If you’re an ed reformer and you hold up Colorado as a success, don’t you also have to admit you reformed Ohio, Michigan and Pennsylvania?
They can’t just take the upside of market based reform for a VERY good reason- they scale it up.
Chicago is an ed reform city and ARNE DUNCAN and then Rahm Emanuel reformed it. It doesn’t get more “reformy” than those two. Chicago is in crisis. It’s a disaster.
Cherry picking one success out of 5 examples and ignoring the 4 failures is 20%. A 20% success rate means nothing and it CERTAINLY doesn’t mean “:scale it up”. It may as well be “chance”.
Chiara,
Where we differ is that I say their success rate for market-based reform (the Republican agenda for more than 50 years) is zero.

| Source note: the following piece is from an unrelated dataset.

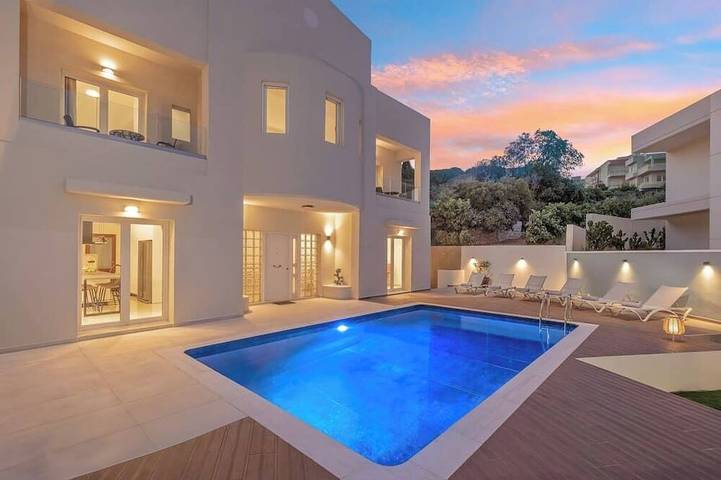 Villa für 12 Personen, mit Garten - 1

EdLeader21 identifies itself as the first “Professional Learning Community”. On Oct. 2, 2015, Ed Week cited a Boston Research Group finding, based on teacher surveys, that showed plc’s were the “least beneficial of the professional development opportunities”. Fagan, interviewed at the Koch-funded Reason Foundation said she was a member of EdLeader21.
Appointees to the EdLeader21 PLC 2016 Advisory Committee include the following.

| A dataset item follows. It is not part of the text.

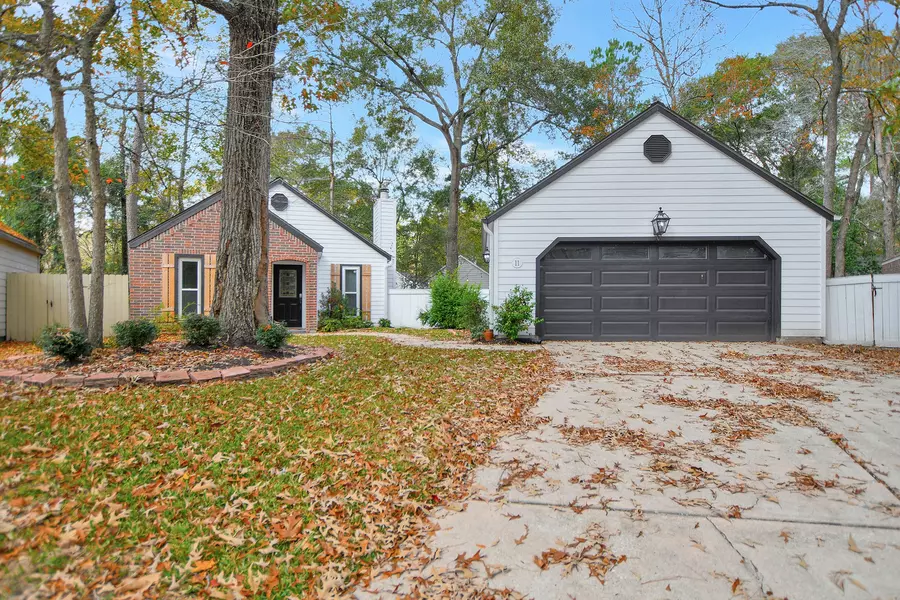 11 Bitterwood CT, The Woodlands, TX 77381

Molly Bestge, West Fargo Public Schools, Karen Cheser, Deputy Superintendent, Boone County Schools (Ky.), Mike Duncan, Superintendent Pike County Schools (Ga.), Theresa Dunkin, Superintendent, Aptakisic-Tripp School District (IL.), Scott Garden, Superintendent, Saline Area Schools, (MI.), Jon Gundry, Superintendent, Santa Clara County Office of Education (CA.), John Jungman, Superintendent, Springfield Public Schools (MO.), Deb Kerr, Superintendent, School District of Brown Deer (WI), James Merrill, Superintendent, Wake County Public School System (NC), Anita Micich, Superintendent, Mason City Community schools (IA), Syna Morgan, Chief Academic Officer, Jefferson Co. Public Schools (CO), Juliette Myers, Dir. of Middle/Secondary Education-Frederick County Public Schools (VA).
Adding to the list above,
John Puglisi, Superintendent, Rio School District (CA), Eric Schneider, Assistant Superintendent, Minnetonka Public Schools (MN), Aaron Spence, Superintendent, Virginia Beach City Public Schools (VA), Elena Toscano, Assistant Superintendent, Napa Valley Unified School district (CA).
Too Diane, I can play this game too, if I want.

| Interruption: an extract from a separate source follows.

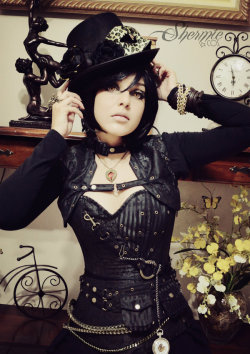 steampunksteampunk:  Shermie-Cosplay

Give me the 5 best public school states in the country. I know Massachusetts is one. If I’m a public school advocate Massachusetts is my Colorado.
I just “proved” public schools “work” and should be “scaled up” and I could take a whole set of policy prescriptions out of that, including “labor unions for teachers” and “adequate funding”. As long as I ignore Alabama I’m golden. Alabama actually “shows” labor unions make better schools as long as I ignore Ohio!
Chiara,
I am not sure why you point to Colorado as a great “reform” success. Or to Alabama. Look at NAEP data: http://www.nationsreportcard.gov/reading_math_2015/#?grade=4
And read Jeannie Kaplan on the hoax of school success in Denver.
Hear, hear.
The cherry picking extends all the way to the top. The President of the United States cites “Cleveland” as THE ed reform success. Okay, I’ll spot him Cleveland. Let’s also mention Cincinnati which went in a different direction from the Obama Administration dogma and has had some successes!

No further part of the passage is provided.